--- GIVEN DATA ---

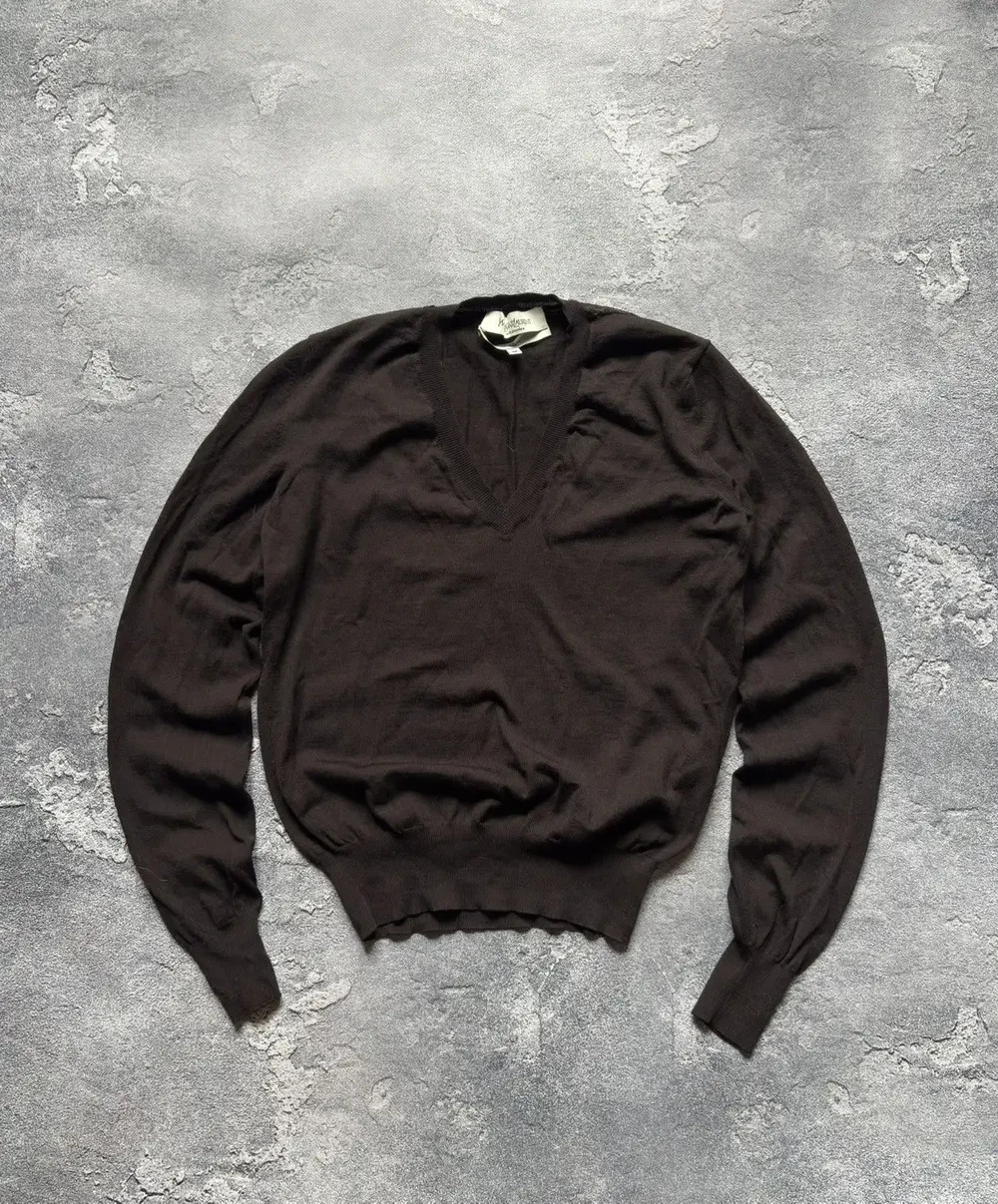 Vintage Yves Saint Laurent Rive Gauche Luxury Wool V-Neck Sweater Womens Size M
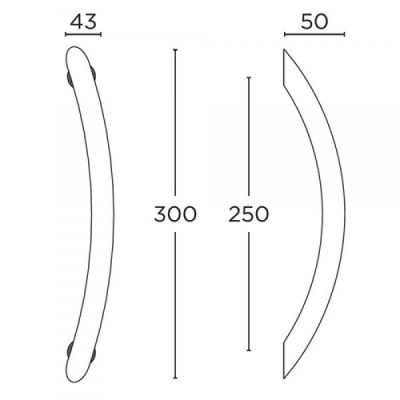 Λαβή εξώπορτας (1 Τεμάχιο) Convex σειρά 129 300,5mm σε Ματ Νίκελ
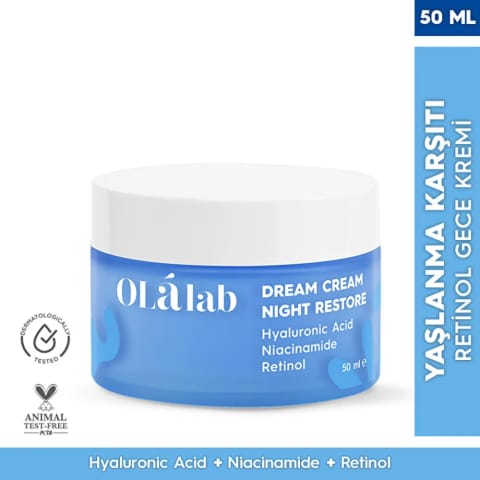 Olalab ضد پیری ترمیمکننده مرطوبکننده شبانه صورت با Retinol 50 میلیلیتر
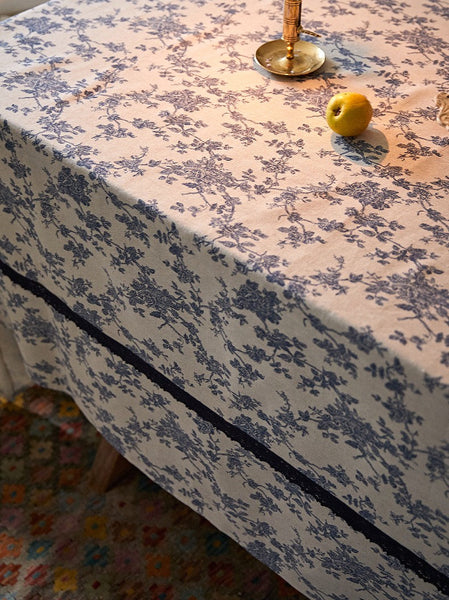 Extra Large Vintage Rectangle Tablecloth for Dining Room Table, Rustic Farmhouse Table Cover for Kitchen, French Flower Pattern Tablecloth for Round Table-LargePaintingArt.com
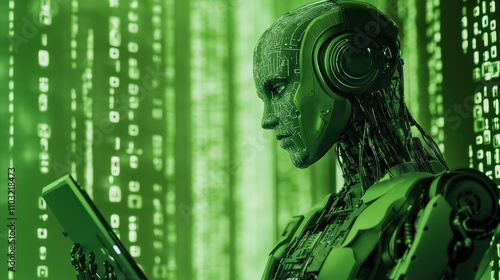 A robotics expert programming advanced systems, with a vibrant green background symbolizing innovation photo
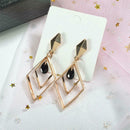 Fashion Geometric Dangle Ear Stud Women Hollowed Rhombus Earrings Jewelry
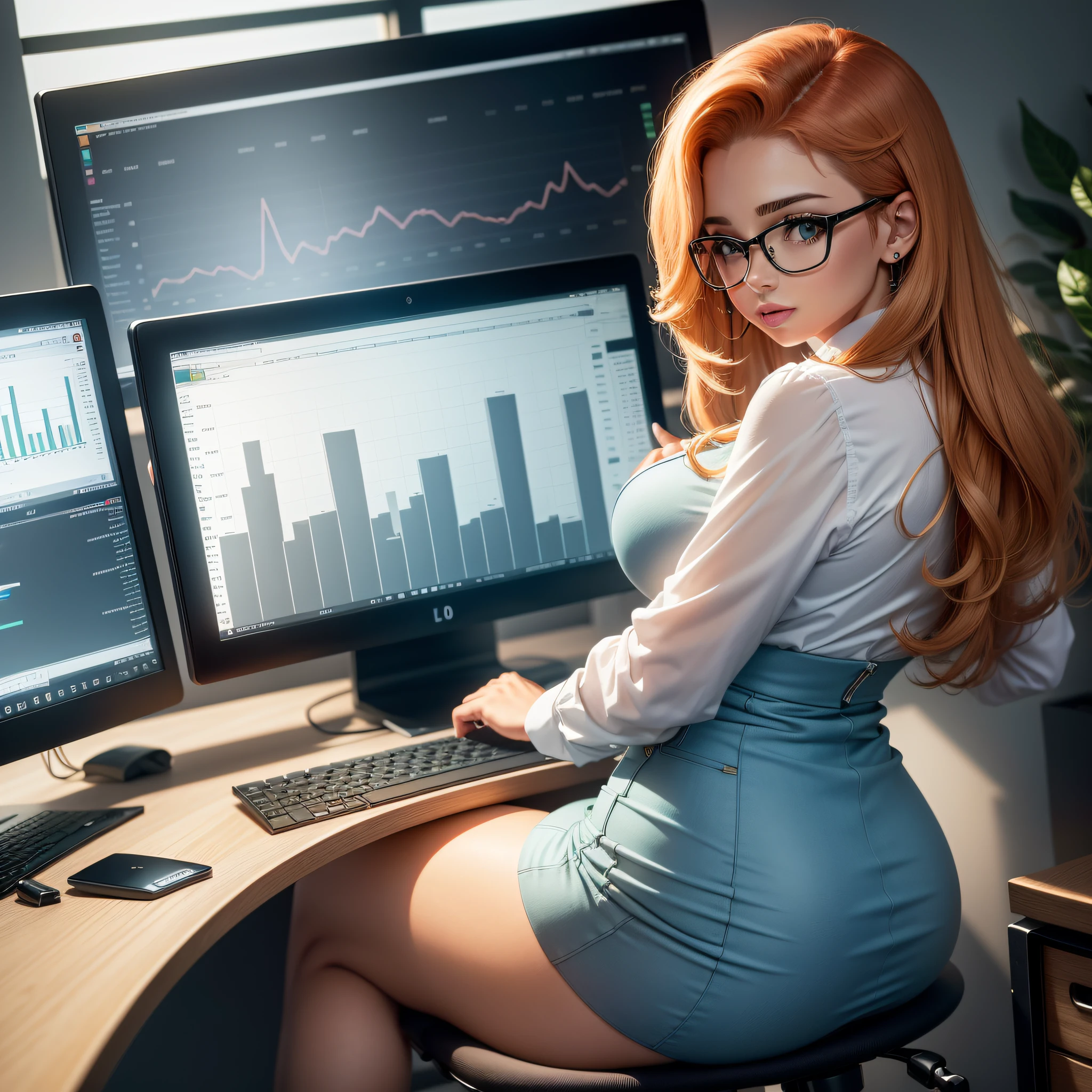 an office desk with a computer, Na tela do computador, shows financial charts, ((sentada a Lena Paul bem bonita com roupas de executiva com decote)),In the background, an all-glass wall showing the surrounding buildings, --auto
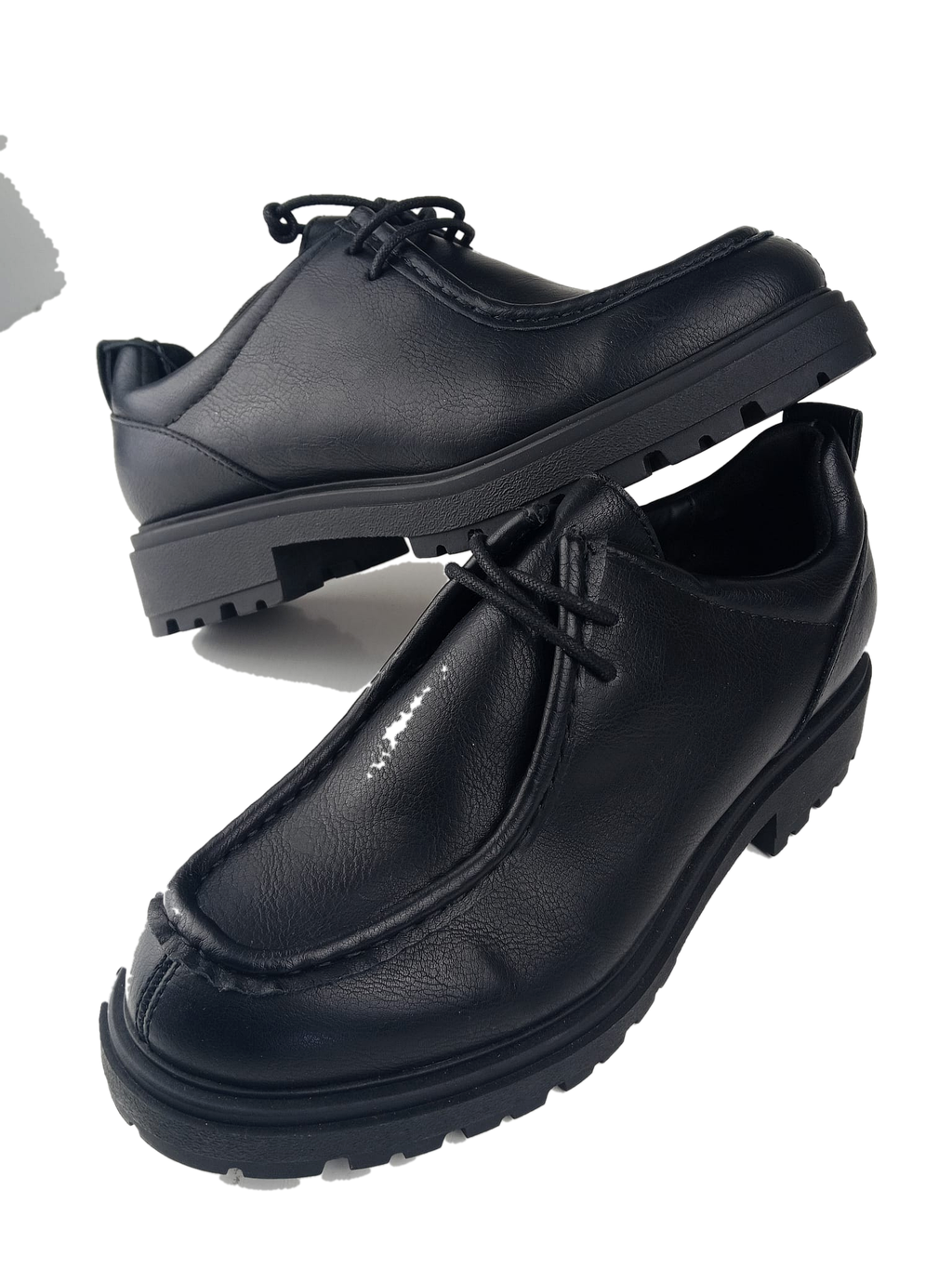 Scarpe stringate nere con suola track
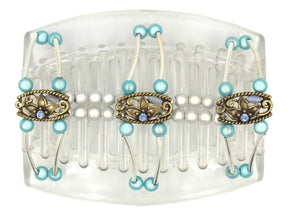 African Butterfly Thick Hair Comb - Flowers Clear 66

---

# [ABOUT THIS EXERCISE]
Print the data exactly, from its first line to the line containing "Olalab ضد پیری", both included. Omit the pictures.

# [EXERCISE OUTPUT]
 Vintage Yves Saint Laurent Rive Gauche Luxury Wool V-Neck Sweater Womens Size M
 Λαβή εξώπορτας (1 Τεμάχιο) Convex σειρά 129 300,5mm σε Ματ Νίκελ
 Olalab ضد پیری ترمیمکننده مرطوبکننده شبانه صورت با Retinol 50 میلیلیتر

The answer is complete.